* [Task to carry out]: Output, exactly and in full, only the lines from the one containing "Spitfire Machine-washable Throw Blanket" to the last line of the data. Pictures should not appear.

-*-*-

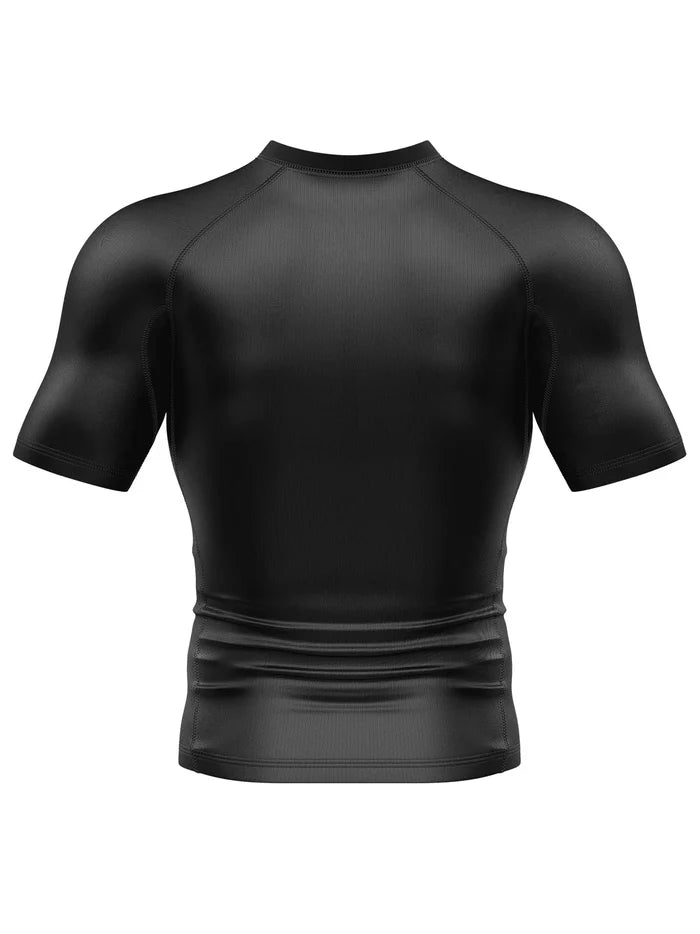 FUJI Baseline Ranked Short Sleeve Rashguard - Schwarz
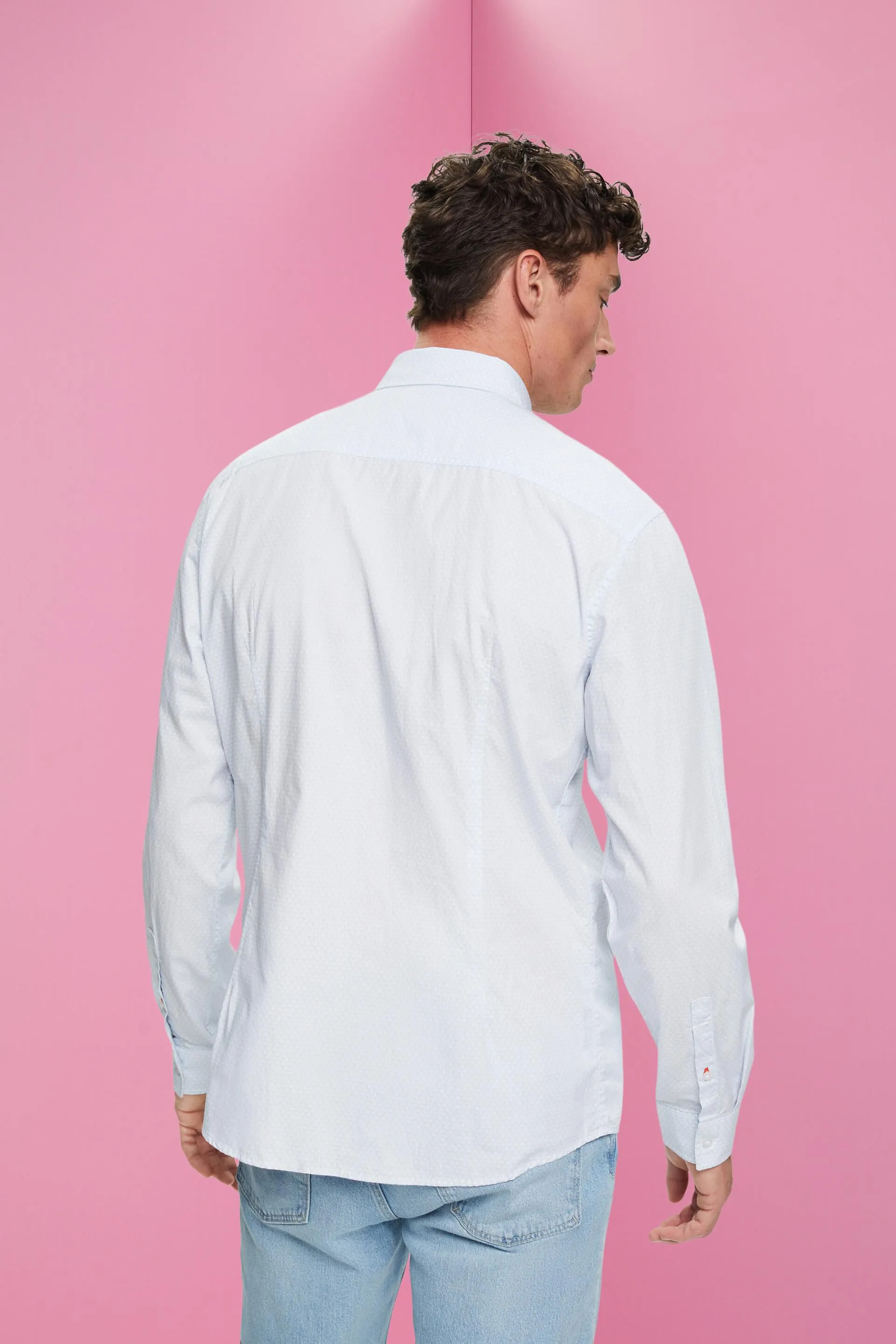 Camicia slim fit con motivo allover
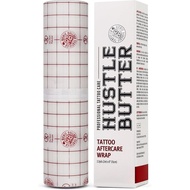 Hustle Butter Second Skin Tattoo Wrap - 6 Inches x 2.2 Yards - Transparent Adhesive, Breathable & La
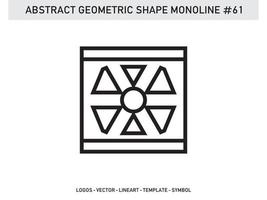 geometrische monoline lineart lijnvorm abstract gratis vector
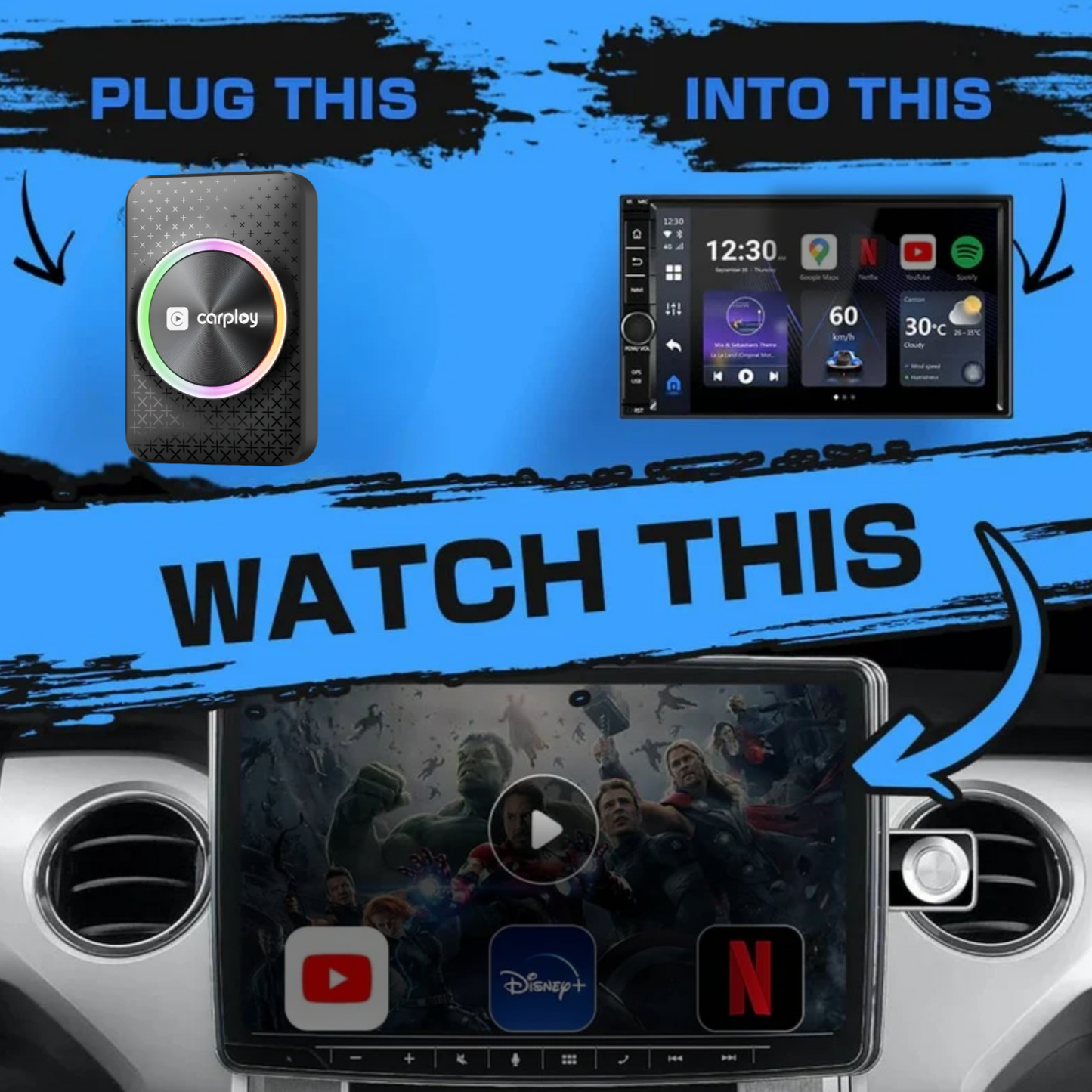 Trendtronics Android TBox pro for cars, 4GB RAM 32GB Qualcomm 8-core SM6225(1 Year warranty)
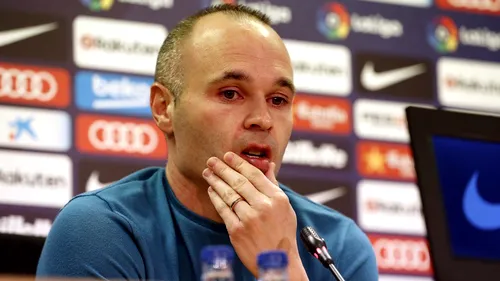 Andres Iniesta șochează: 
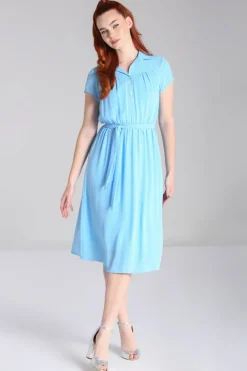 Hell Bunny Pearl Dress Blue Sale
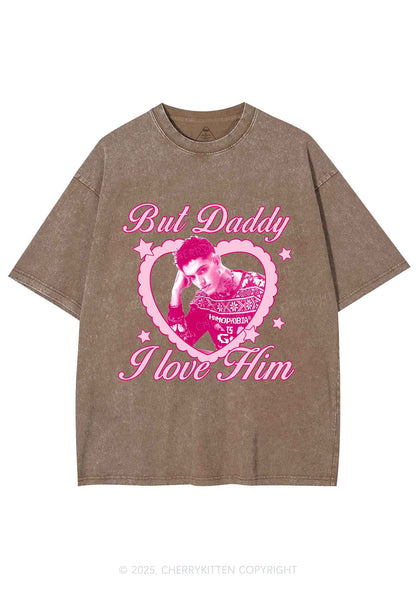 Custom Daddy I love Him Y2K Shirts Washed Tee Cherrykitten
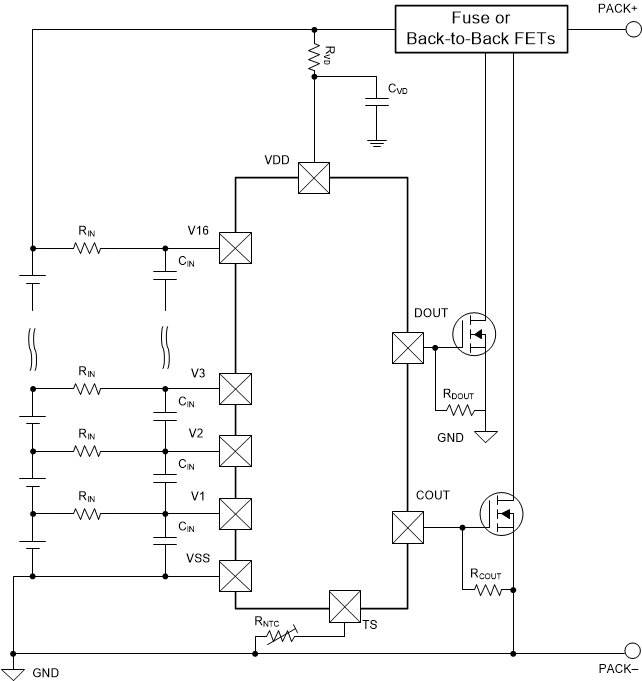 BQ77216 简化版原理图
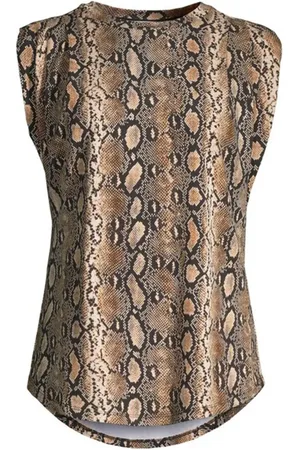 Michael Kors T-shirt med pytontryk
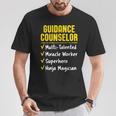 Guidance Counselor Miracle Worker Superhero Ninja T-Shirt Unique Gifts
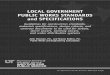 LOCAL GOVERNMENT PUBLIC WORKS STANDARDS and …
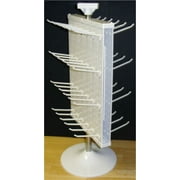 2 Sided White Plastic Counter Top Peg Board Spinner Display Rack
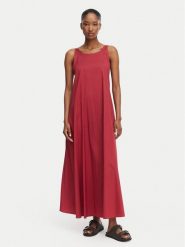 Max Mara Beachwear Sukienka codzienna 2616221039650 Czerwony Regular Fit. Czerwone sukienki damskie Max Mara Beachwear, bez wzorów, z bawełny, bez ramiączek. Za 1,429.00 zł.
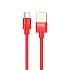 Кабель USB - Type-C Hoco U55 Outstanding 12W 120см 2,4A  (red)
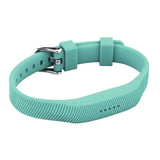 Maxbell Maxbell Sports Silicone Wrist Band + Metal Buckle For Fitbit Flex 2 Watch Green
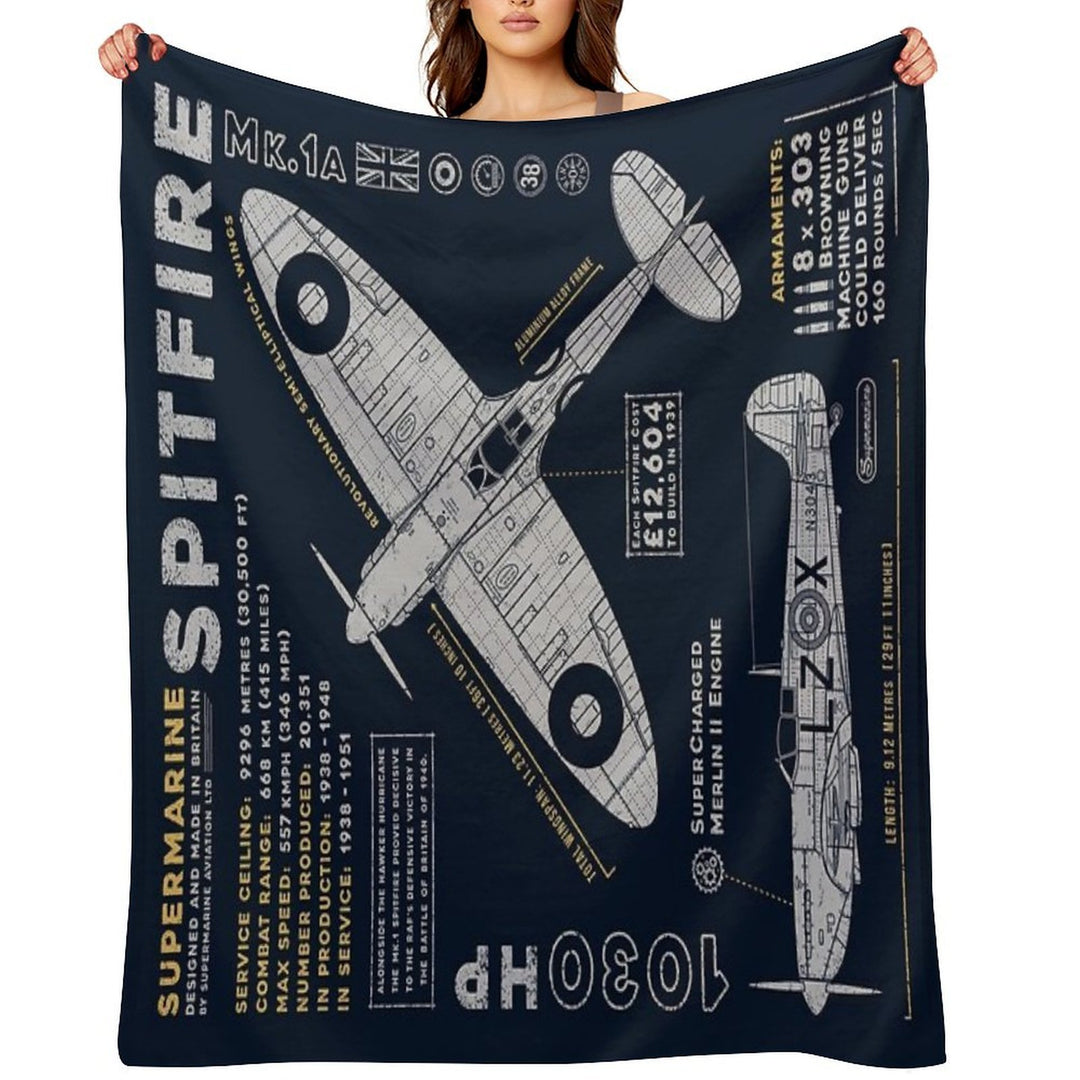 Spitfire Machine-washable Throw Blanket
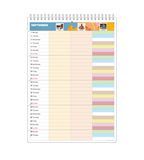 Familjekalender - Månadsöversikt - Personal Planner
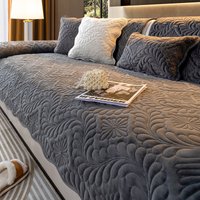 Flannel Sofa Cover Thick Anti Slip Cushion Cover Leather Couches 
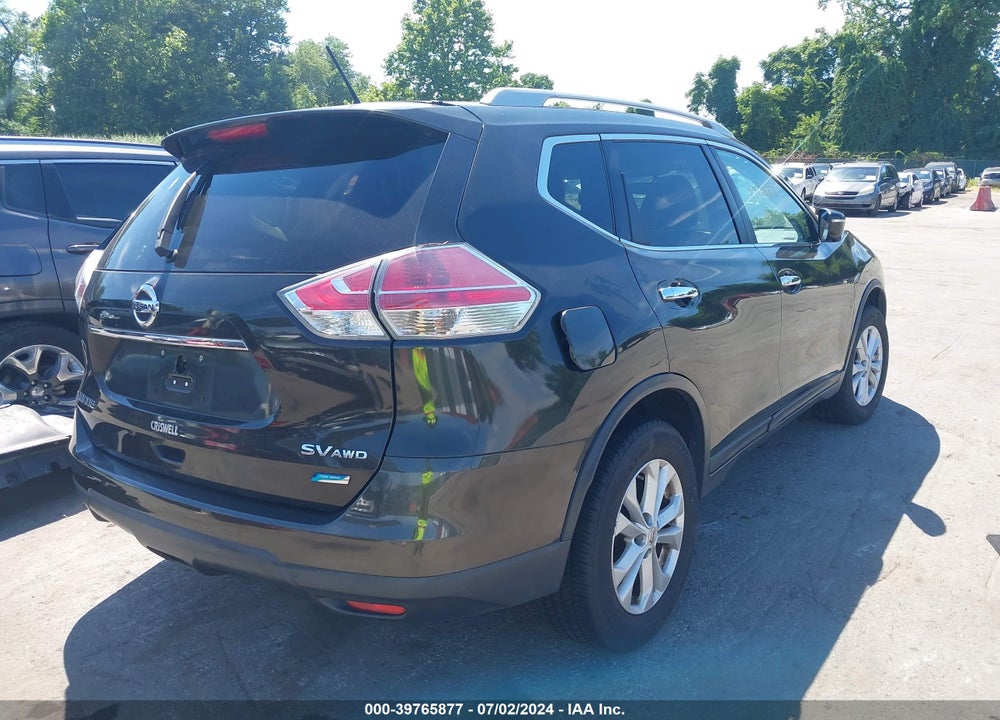 2014 NISSAN ROGUE SV VIN: 5N1AT2MK4EC822367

-*-*-

* [Finished exercise]:
 Spitfire Machine-washable Throw Blanket
 Familjekalender - Månadsöversikt - Personal Planner
 Flannel Sofa Cover Thick Anti Slip Cushion Cover Leather Couches 
 2014 NISSAN ROGUE SV VIN: 5N1AT2MK4EC822367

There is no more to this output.